People need to know three things:

  1. If you want to be called ‘triathlete’ you have to actually take part in triathlons, rather than just train for them or talk about them.  Otherwise you’re not a ‘triathlete’, you’re a ‘poser’.
  2. If you don’t show up to events, there won’t be any more events.
  3. If someone organises an event for your benefit, the thing to say afterwards is “thank you for organising the event”, rather than making snide comments to or about the hard working (mostly voluntary) organisers and marshalls.  That’s just plain dumb, and now the rest of the sporting community in the UAE pays the price for your selfishness.  Well done to you whoever you are.   Go back to your golf course/football pitch/wherever, you’re in the wrong sport.

Dubai Triathlon Club Olympic Distance Triathlon

Another Friday, and other triathlon. This time it was the DTC Olympic distance triathlon. That’s a 1500 metre swim, 40 km bike, and a 10 km run. Once again, Team Tri2Aspire were up for it. It seemed every other triathlete on the course was in our team colours, a great turnout. As usual, I wimped out of doing the whole thing, and was able to find two willing accomplices, Jamie Atherton and Chris Sellar, to join the team event. These are two of the stars of the team. Jamie has previously represented Great Britain in his age group, but suffered a career threatening neck injury two months ago while swimming. This was his return to competition, and we wanted to make it a good one for him. Chris is also a fabulous athlete, having won the 2008 DTC Half Ironman triathlon in appalling conditions with a really gutsy run. Having recently become a dad (congratulations Chris!), he was happy to find an event which fitted into his new schedule of nappy changing and getting woken up at odd hours.
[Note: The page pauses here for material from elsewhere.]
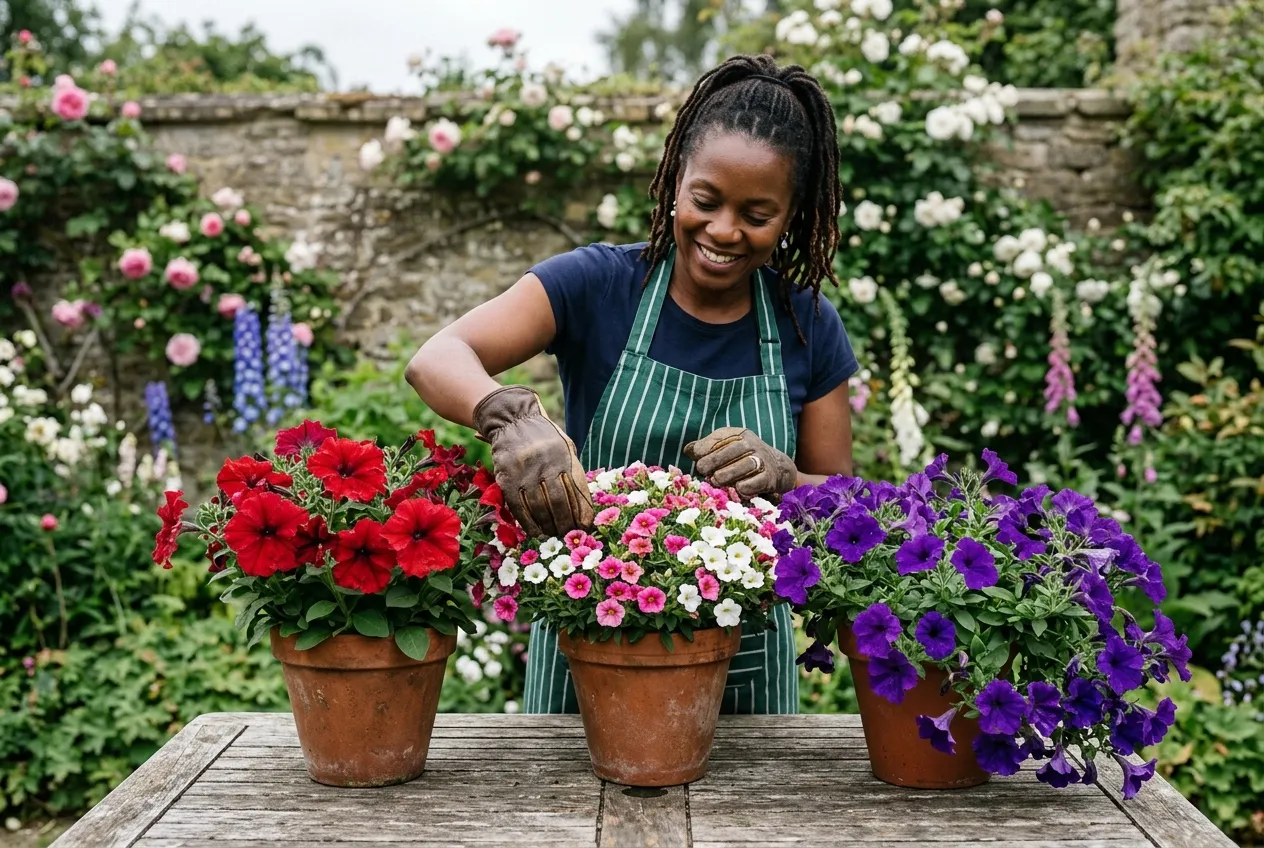 Three types of petunias compared in terracotta pots showing grandiflora, multiflora, and trailing varieties in a UK garden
As last week, we were able to line up with former world Ironman champion Faris Sultan. As usual, the start line was the last most of us saw of him. If you were lucky, you heard the turbo whine as he passed you. A deeply impressive thing to watch.

Once again the weather gremlins struck a DTC event. This time there was a 20 knot wind blowing off the sea. There were two potentially strong teams in the team event, and we exited the water with a 10 minute deficit on the first of them. The bike leg was tough with the wind, but, unlike the much feared ‘Ghantoot wind’, it was steady, cool, and predictable, so hard work but not too challenging. Like all windy events, it seemed to go on forever, so I was surprised to check my lap split to find I was lapping at 18 minutes, getting in in a shade under 56 minutes, and leaving Chris with a 2½ minute deficit to make up on the run section. Like the star he is, Chris made it up by 5 km, and we came in to win by almost 2 minutes (results here). Which makes a hatrick for Team Tri2Aspire in this years team triathlons.